Q. How many hours a week do you put into football not just with practice but studying?
Brady Quinn: I don’t know, too many, I think when you compare it with studying and school and everything it. Probably should be a little more even but at this point in my career, football is something I love, and I’m passionate about it and I enjoy watching film. I enjoy just sitting in the film room seeing what the defense is doing and going out there on the field and really executing, knowing that I’m prepared well for a game.
Q. And Sunday night, Tom Brady against Peyton Manning, is that one you can watch especially?
Brady Quinn: I’ll be watching, it should be exciting. I watched this past Monday night, looking at him, going, hey, we’ve got that play, or I know what he’s thinking or I can kind of feel for him in certain instances when things break down. It’s fun to watch an NFL game and compare it a lot to your offense or your type of situation.
Q. Do you remember the last time you threw an interception?
Brady Quinn: No, those are things you don’t really try to think about.
Q. Michigan State, I think the zone blitz to the lineman ??
Brady Quinn: I think I remember that one.
Q. It’s been 169 passes since you’ve thrown an interception, since you could not remember how long ago it was is there a tendency to start to be a little bit more bold and try to squeeze some things in there that maybe when you’re not quite as conscious of throwing an interception?

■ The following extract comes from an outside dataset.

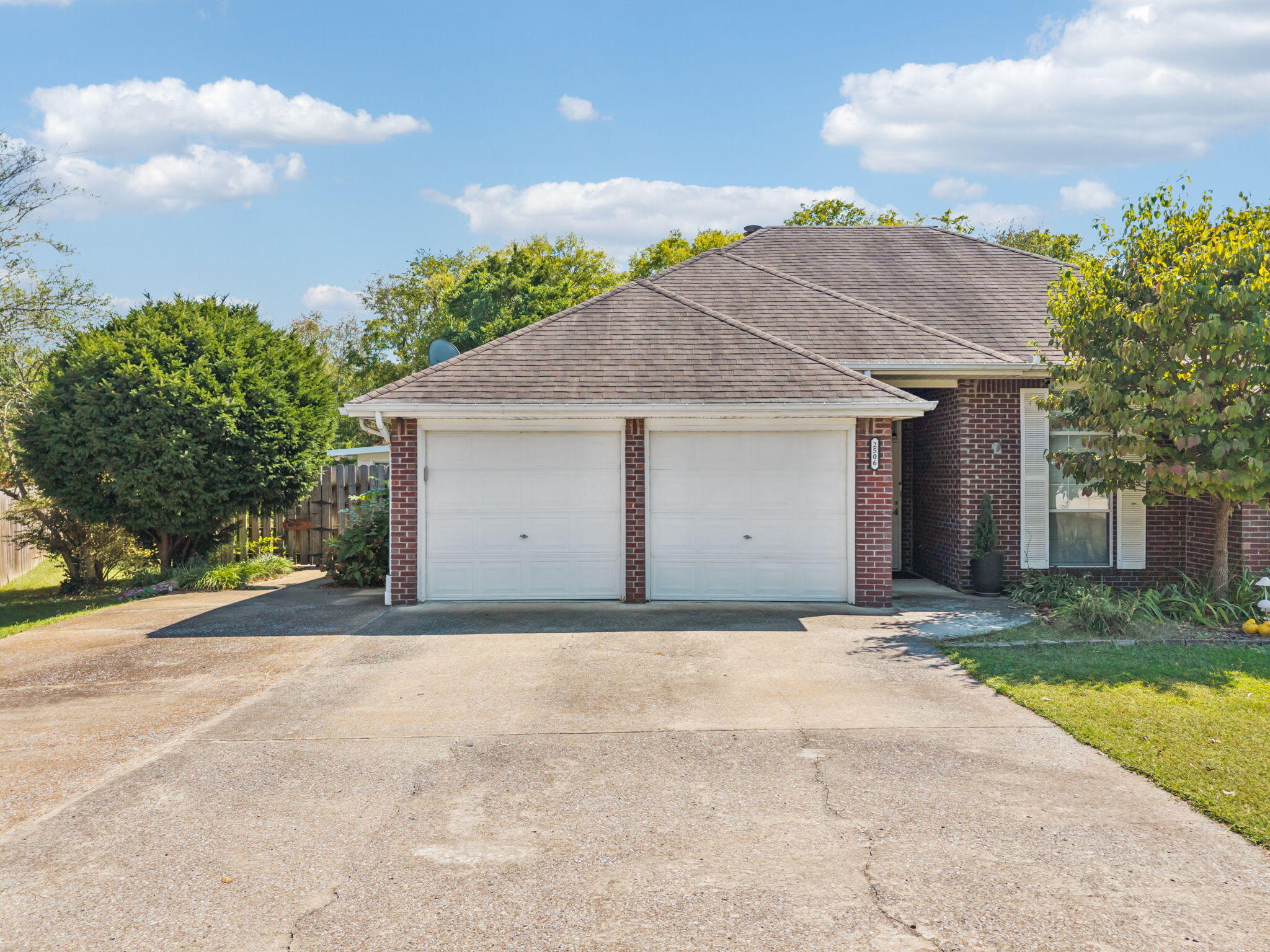 2506 Standifer Oaks Road Chattanooga, TN 37421 - Photo 2 of 42 4-2506 Standifer Oaks Rd Chattanooga -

Brady Quinn: Sometimes. Although every week, you know, we have a list of things that we feel is our type priority as an offense to do and if we do this, we have a great chance of winning and every week, you’ll see zero turnovers, that’s a big emphasis we try to hold in practice and in our meetings that that’s the biggest X factor is when you allow a team to commit turnovers whether they are inferior or not, they are going to have a better chance of winning that game or they are going to lease out a chance or a possibility of giving them some hope or momentum. The biggest thing is if you can eliminate turnovers, for the most part, that’s usually going to be the deciding margin whether or not you win.